This week, the United States and Turkey achieved a significant breakthrough. After many months of negotiations, the two countries agreed to coordinate on a joint buffer zone in northern Syria. This development offers a rare and fleeting opportunity for President Trump to step back from the brink of disaster. The president can salvage his Syria policy by making clear the United States will stick around to defend its vital national interests there.
Ever since Trump announced by tweet last December that he was withdrawing all U.S. troops from Syria, without consulting most of his military commanders, the United States’ Syria strategy — especially in the northeast — has been a muddle. To his credit, the president partially walked back the decision, announcing in February that a small, residual force would remain to keep the Islamic State down, keep our partnership with the Kurds and keep an eye on Iranian forces.
But the U.S.-Turkey rift, pushed to the breaking point by Turkish threats to unilaterally invade northeast Syria, risks turning that ambiguous U.S. policy into a total failure. If the Turks invade, the Kurds might ally with Syrian President Bashar al-Assad, to the advantage of Iran and the Islamic State. Any remaining U.S. leverage to push for an acceptable political solution would vanish.
After months of scant progress, the State Department announced Wednesday that Turkey and the United States agreed to coordinate establishment of a safe zone on the Syrian side of the border as a “peace corridor,” starting with a joint operations center inside Turkey to work out the details.
“The plan is for U.S. troops to work to patrol with Turkish forces to ensure security in the safe zone,” a senior State Department official told me, cautioning that the details aren’t final. “By strengthening U.S.-Turkish cooperation in the one area of the Syria conflict where we were at odds, this agreement also advances broader U.S. objectives for a resolution of the Syria conflict.”
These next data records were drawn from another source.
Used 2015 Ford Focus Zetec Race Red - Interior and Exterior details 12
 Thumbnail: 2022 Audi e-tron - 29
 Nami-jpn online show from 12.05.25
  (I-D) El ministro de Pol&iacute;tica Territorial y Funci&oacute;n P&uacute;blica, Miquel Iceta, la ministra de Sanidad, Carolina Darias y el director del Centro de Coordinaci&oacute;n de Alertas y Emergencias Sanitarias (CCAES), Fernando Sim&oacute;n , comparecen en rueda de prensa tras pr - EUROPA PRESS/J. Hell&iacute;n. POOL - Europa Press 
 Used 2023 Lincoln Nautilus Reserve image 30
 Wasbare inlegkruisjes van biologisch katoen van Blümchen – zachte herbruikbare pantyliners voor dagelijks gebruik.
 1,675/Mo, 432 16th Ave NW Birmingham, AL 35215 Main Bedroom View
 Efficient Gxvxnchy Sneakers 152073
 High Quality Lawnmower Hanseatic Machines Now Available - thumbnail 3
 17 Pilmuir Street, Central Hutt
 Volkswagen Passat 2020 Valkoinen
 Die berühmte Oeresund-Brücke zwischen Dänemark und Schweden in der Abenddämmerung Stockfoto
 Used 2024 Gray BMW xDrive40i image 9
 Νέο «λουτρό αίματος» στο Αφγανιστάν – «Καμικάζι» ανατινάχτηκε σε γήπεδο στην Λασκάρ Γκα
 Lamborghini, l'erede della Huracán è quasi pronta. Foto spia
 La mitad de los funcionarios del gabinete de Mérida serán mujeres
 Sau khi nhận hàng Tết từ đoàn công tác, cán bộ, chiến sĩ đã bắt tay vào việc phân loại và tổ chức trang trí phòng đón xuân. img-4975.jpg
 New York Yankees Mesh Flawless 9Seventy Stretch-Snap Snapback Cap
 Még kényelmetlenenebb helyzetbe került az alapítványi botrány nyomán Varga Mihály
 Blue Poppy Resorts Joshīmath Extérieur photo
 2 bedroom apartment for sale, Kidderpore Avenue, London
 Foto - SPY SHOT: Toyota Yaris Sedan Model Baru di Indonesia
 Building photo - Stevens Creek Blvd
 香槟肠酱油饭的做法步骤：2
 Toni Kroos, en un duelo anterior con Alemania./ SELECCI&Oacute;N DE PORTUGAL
If the United States wants to have any influence over what happens next in Syria, it will need to resolve its rift with Turkey, which has complex and serious causes. The Syrian Kurds, our allies whom we armed to fight the Islamic State, must be assured that Turkish forces won’t slaughter them. The Turks must be assured that the Kurds will withdraw from the border. We are not there yet. But this interim statement is a crucial step in the right direction.